Gold prices regained some early losses Wednesday after the European Central Bank intervened in the bond market to cap dangerously high yields on Italian, Spanish and French bonds.
The more acute Europe's sovereign debt crisis becomes, the more investors have opted, recently, for dollar-denominated assets and German government bonds, a trend that means gold prices follow risky assets like stocks rather than function as a safe-haven.
Once the ECB started buying distressed bonds, the yields fell and prices stabilized. Yields on Italy's 10-year note declined slightly from session highs near seven percent, and yields on Spain's five-year notes fell from a record high.
The yield on French 10-year bonds was rising toward four percent before ECB intervention. By contrast, the yield on a comparable German bond was about 1.9 percent.
Despite the ECB intervention, the euro lost ground, and European stocks posted mixed results with France's CAC 40 fractionally higher and Germany's DAX down half a percentage point. The FTSE 100 was off 0.35 percent.
Our economists note that we may enjoy a brief respite from European contagion, but the fundamental threat to the world economy and financial markets remains, Barclays Capital said in a note.
The dollar was modestly higher.

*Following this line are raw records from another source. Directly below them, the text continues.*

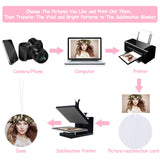 50 Pieces Sublimation Air Freshener Blanks Car Scented Hanging Round Felt Air Freshener White Fragrant Sheets with 100 Pieces Bags and Elastic Rope for Car Interior Use and Decor Maitys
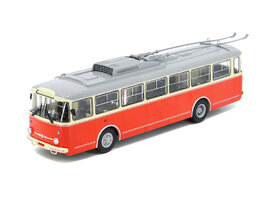 Skoda 9TR trolleybus in the colors of the Brno transport company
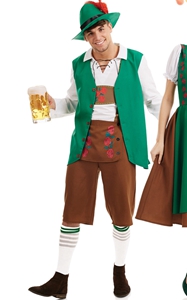 F1791 Mens Traditional Bavarian Fancy Dress Costume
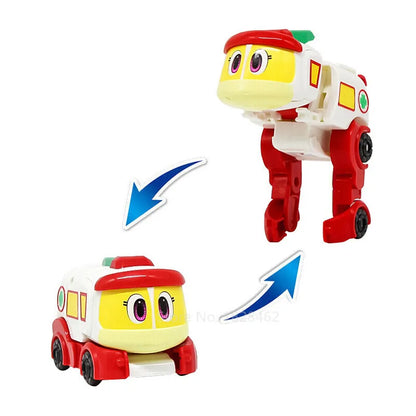 Min Gogo Dino ABS déformation voiture/avion figurines REX/PING/VIKI/TOMO Transformation dinosaure jouets pour enfants cadeau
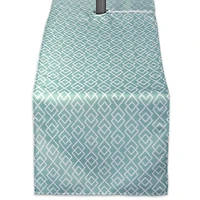 Aqua Diamond Outdoor Table Runner With Zipper 14" x 72"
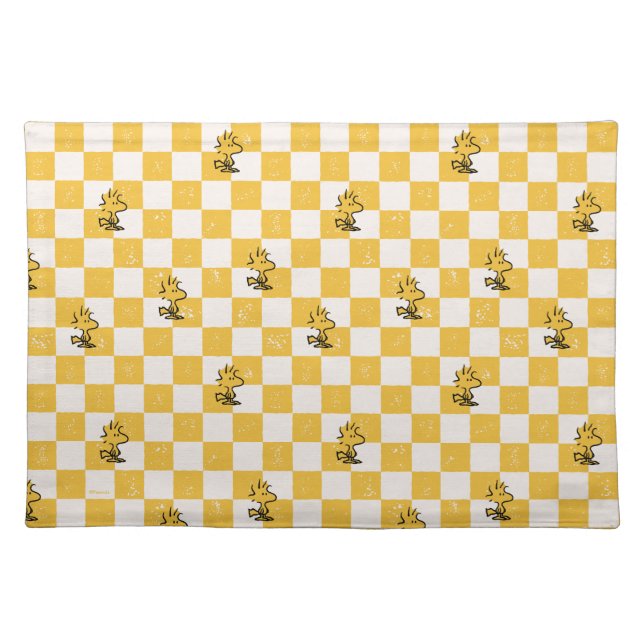 Peanuts | Woodstock Checkered Flag Cloth Placemat (Front)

Futures on the Dow Jones Industrial Average, Nasdaq 100 and S&P 500 all fell below fair value, pointing to a lower open.
Investors appear convinced that, but for ECB intervention, Europe's troubles will only get worse.
Gold for December delivery fell $8.40 to $1,773.80, while spot gold rose $2.66 to $17,774.48.
Silver for December delivery slipped 14 cents to $34.32 while spot silver nine cents to $34.38.